Depending on the size of the catalog, we could even fit such a data structure in memory, but let’s instead assume that we set up a REST service (illustrated in figure 5.3) based on a persisted Memcached-like storage, something like Redis. Durability of the data is important in this case, because in our example, the monitoring activity over the items will last for years, and we don’t want to recompute the whole disjoint set structure every time there is a change or a new product is added.

Alternatively, if the size of the universe is small enough to fit in memory, it could be possible to imagine a synchronization mechanism that periodically serializes our in­memory data structure into a persistent database.

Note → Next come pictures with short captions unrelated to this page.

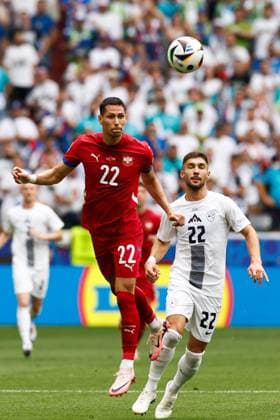 MUNCHEN, 20-06-2024, Allianz Arena. European Football Championship Euro2024, Group stage match no.18 between Slovenia and Serbia, Serbia player Sasa Lukic, Slovenia player Adam Cerin Slovenia - Serbia (Euro2024)  x25540747x Copyright:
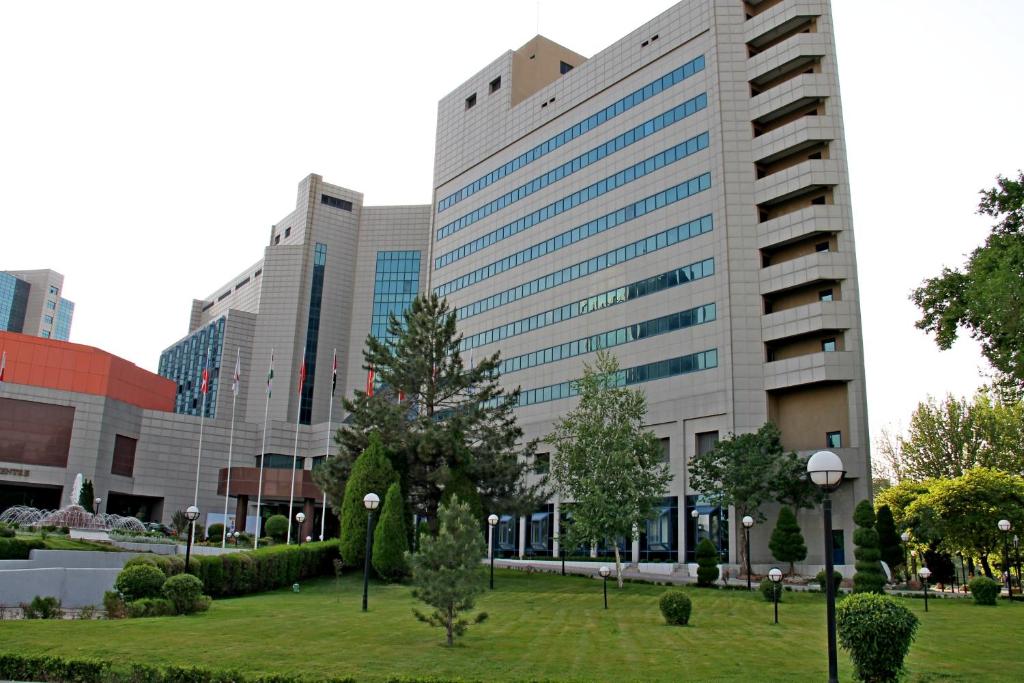 un grande edificio con un parco di fronte ad esso di International Hotel Tashkent a Tashkent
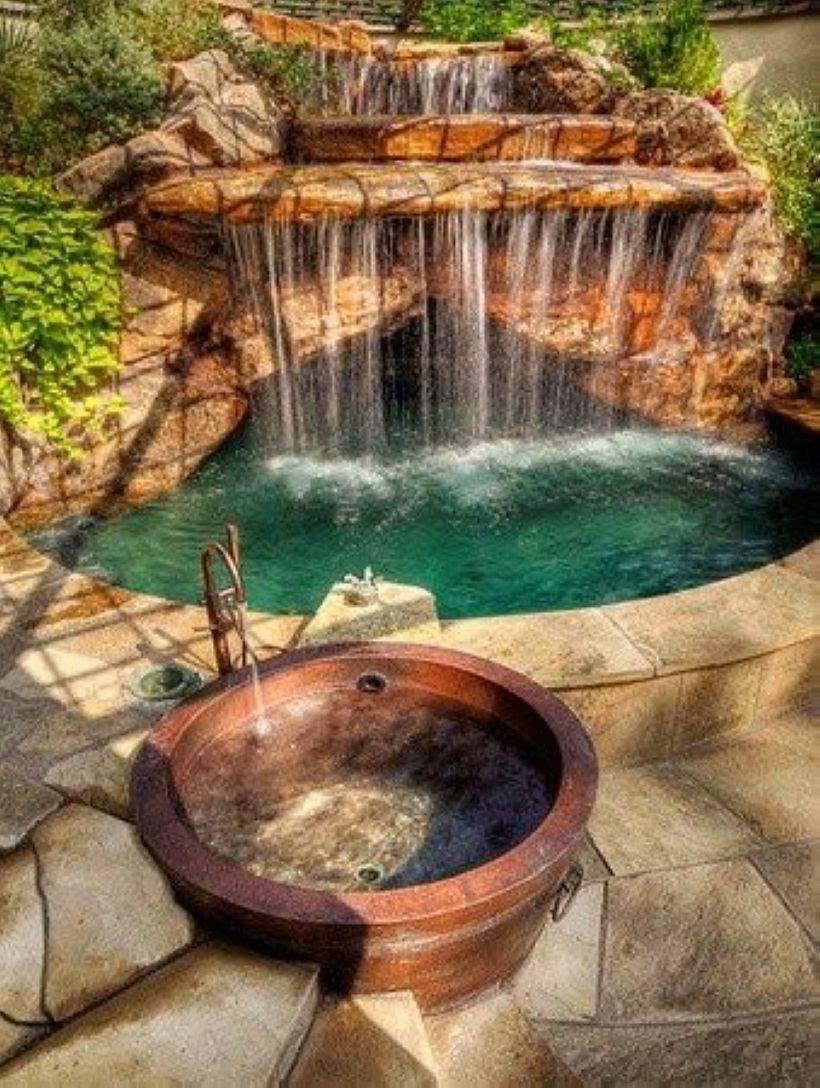 Pool waterfalls ideas for your outdoor space 25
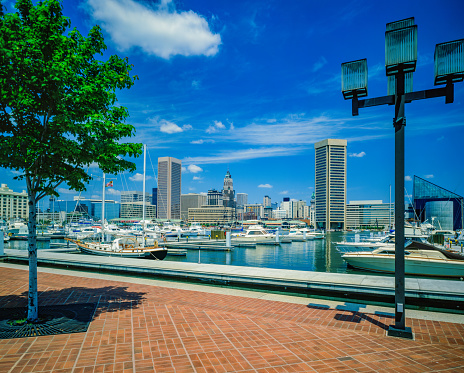 Downtown Baltimore with Inner Harbor view from Federal Hill Park, with recreational yachts.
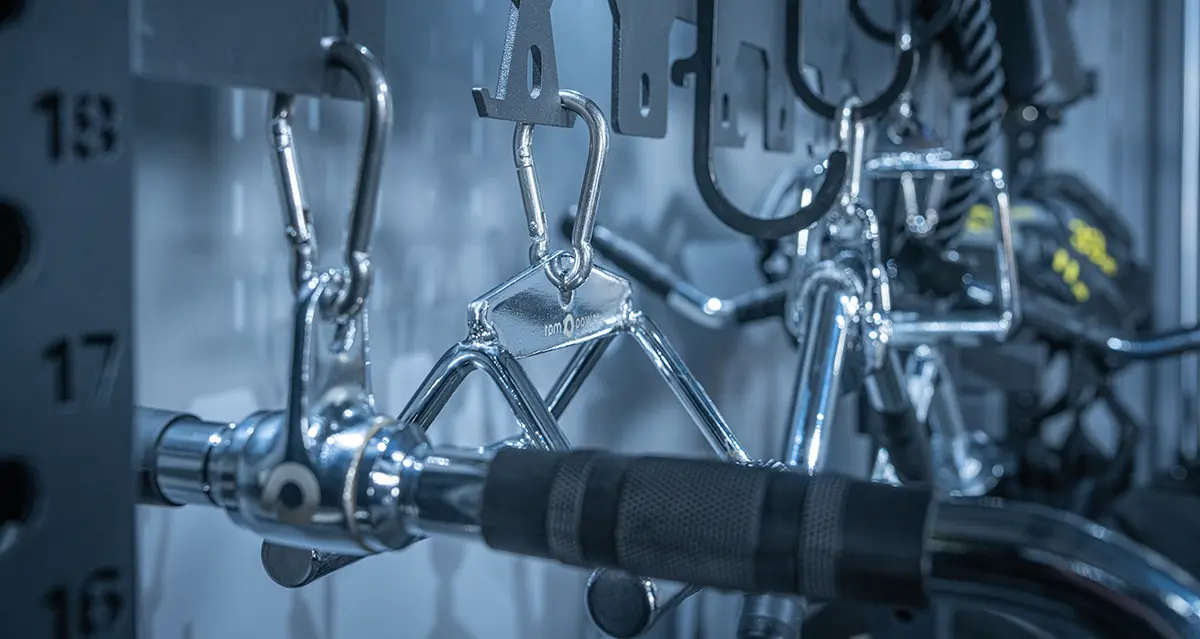 Cable machine attachments on storage rack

3. Describing the data structure API: Disjoint set

In our design, our data structure needs to offer only a few, though crucial, operations.

First, we’d like, obviously, to initialize our instance on construction. Without any loss of generality, we can restrict to the case where the Universe U, that is, the set of all possible elements, is known in advance and static. We also assume that initially every element is in its own partition. Workarounds to support violations to these assumptions are easily achievable by making wise use of dynamic arrays and the class’s very own methods.

Finally, throughout this chapter we assume the elements of our Universe U are the integers between 0 and n-1. This is not a real restriction, because we can easily associ­ate an index to each of the actual elements of U.

Initialization, therefore, just takes care of allocation of the basic fields needed by the class and assigns each element into its own partition.

The findPartition method, when called on an element x of U, will return the par­tition to which x belongs. This output might not be meaningful outside of the instance of our data structure: think of this method mostly as a protected method for the class, or even consider restricting its visibility to private.

The two main operations that we’d like to perform are

  • Given two elements x and y, both belonging to U, we’d like to check if they belong to different partitions (areDisjoint).
  • Given two elements x and y, we’d like to merge their partitions into a single one (merge).